OpenWorks Keynote: An Ocean of Possibilities with MariaDB

The MariaDB OpenWorks user conference is underway, and the tone was set with a live-streamed keynote that emphasized how MariaDB customers can break away from the database status quo. When companies free themselves from “vendor indoctrination” and the “egregious force” of big cloud vendors, they open up an ocean of possibilities for facilitating their own success, said MariaDB CEO Michael Howard.

Extreme Scale with Clustrix Technology

Convention says SQL can’t scale and you have to separate analytics from transactions. But the new MariaDB Platform X3 shows those conventions are made to be broken.

Samsung’s lead database architect, Kwangbock Lee, joined Howard onstage to share how the Clustrix technology that’s part of MariaDB Platform eliminated the need for sharding, enabling Samsung to scale to 230 million transactions per hour while lowering costs by 50% over their previous solution – and doing it all in the cloud.

And there’s still plenty of room for exponential growth: Clustrix VP of development Robbie Mihalyi shared benchmarks illustrating that Clustrix can scale to an astounding 5.3 million queries per second (318 million queries per minute).

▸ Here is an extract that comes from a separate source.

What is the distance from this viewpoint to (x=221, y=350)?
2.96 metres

Flexibility: MariaDB Platform X3

QBerg’s infrastructure manager, Vittorio Guglielmo, took the stage to share how MariaDB Platform enables QBerg’s customers to analyze long-term and historical pricing data themselves. QBerg switched from Percona due to MariaDB’s capacity to drive both analytical and transactional workloads together. That unified approach led to exceptional results: previously a ~42 million-record query took 99 seconds, but that was reduced to 2 seconds with MariaDB’s platform, thanks to the use of columnar data.

Thomas Boyd, director of product marketing at MariaDB, drove home the point that flexibility is the main idea behind MariaDB technology – businesses don’t know exactly what they may need in the future. After all, regulations change, hypergrowth happens, and customers have new data-intensive demands. Boyd asked, Why not use MariaDB to ensure flexible access to all of your data?

Efficiency: MariaDB Platform Managed Service

MariaDB’s VP of customer success, Austin Rutherford, explored the benefits of MariaDB’s fully managed service, making it clear that it’s much more than a way to offload database operations. In a series of slides, he demonstrated how the MariaDB Platform Managed Service outperforms Amazon’s managed services. As icing on the cake, technical architect Alan Attard of Gaming Innovation Group (GiG), which uses the MariaDB Managed Service, described it as “proactive 911” for GiG’s databases.

Announcing MariaDB SkySQL and MariaDB Enterprise Server

To close out the keynote, Howard announced MariaDB’s beta public cloud service, dubbed SkySQL. It’s self-provisioned, using Kubernetes, and like the Platform Managed Service, it’s cloud neutral. Howard characterized SkySQL as being about community-driven cloud performance – “a big bet for MariaDB and a big reward for cloud developers.”

But, he noted, MariaDB’s most important focus is the continual hardening of our server to meet enterprise-level requirements and expectations. To that end, Howard announced MariaDB Enterprise Server for customers looking for high-end features such as augmentation into an audit plug-in, clustered encryption, and various aspects of backup. Pat Casey, ServiceNow co-founder, noted that he’s looking forward to this new offering, as ServiceNow currently runs ~100K servers with MariaDB.